I don't know that I would suggest any immediate action in response but I am curious whether anyone knows anything about this buoy's testing.  Now that I think of it, I remember looking over its pre-deployment data and having to edit out a lot of duplicate records, indicative of power ups and downs like this one.  I just assumed that the buoy's power systems were being manually connected and disconnected in that period, as things were moved around.
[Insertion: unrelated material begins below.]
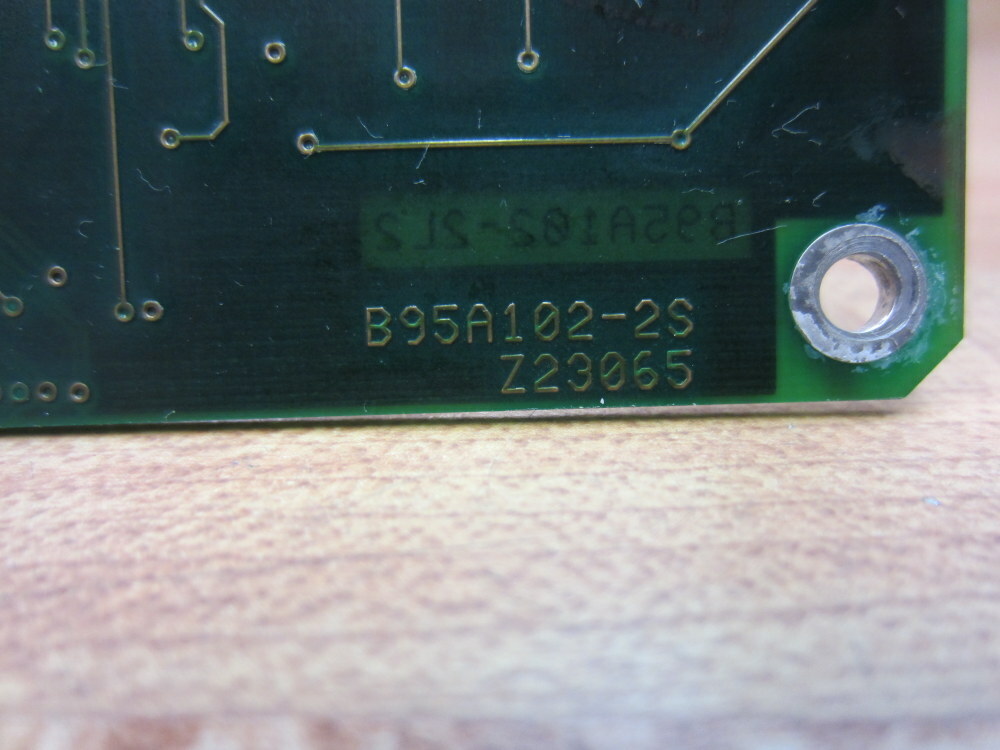 Helm B95C102-2 Circuit Board B95C1022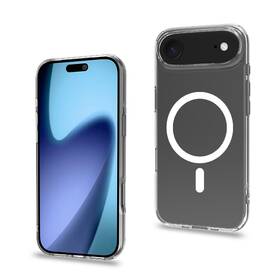 Kryt na mobil Celly GELSKIN Mag na Apple iPhone Air biely/priehľadný

 obrázok produktu 6 z 8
There were seven such duplications, now that I look at the pre-deployment records more carefully.  The oldest was Nov 12th, and they continue Nov 22nd, 27th, 28th, 29th, Dec 1st, and Dec 5th.  If these are not traceable to times when the buoy's power systems were intentionally cut by human hands, then this might indicate some kind of power problem that could be expected to cause more intermittent outages.
In retrospect I will note that all four of these power outages (as short as 3 hours and as long as 3 months) began at the same time of day, sometime in the hour after UTC 1000 (approximately 6am local time), which could relate to the time of local sunrise.

A subsequent posting on this maintenance log will discuss what what is known about the buoy's return to power.

Thursday, December 10, 2015


The Catuan Wreck (Boca Chica) CREWS buoy was deployed on December 10, 2015. Its coordinates are said to be:
18° 25.924' N
69° 34.802' W
The following photographs were supplied to me by Juan Salado of ONAMET, Dominican Republic.

(posted by Mike Jankulak)

Friday, July 12, 2013

Site #1 Chosen

After a meeting of stakeholders in the Dominican Republic, the site chosen for the installation of the first CREWS/C5 buoy is the Catuan Wreck mooring ball (18degrees 25.924’N, 069 degrees 34.802’ West).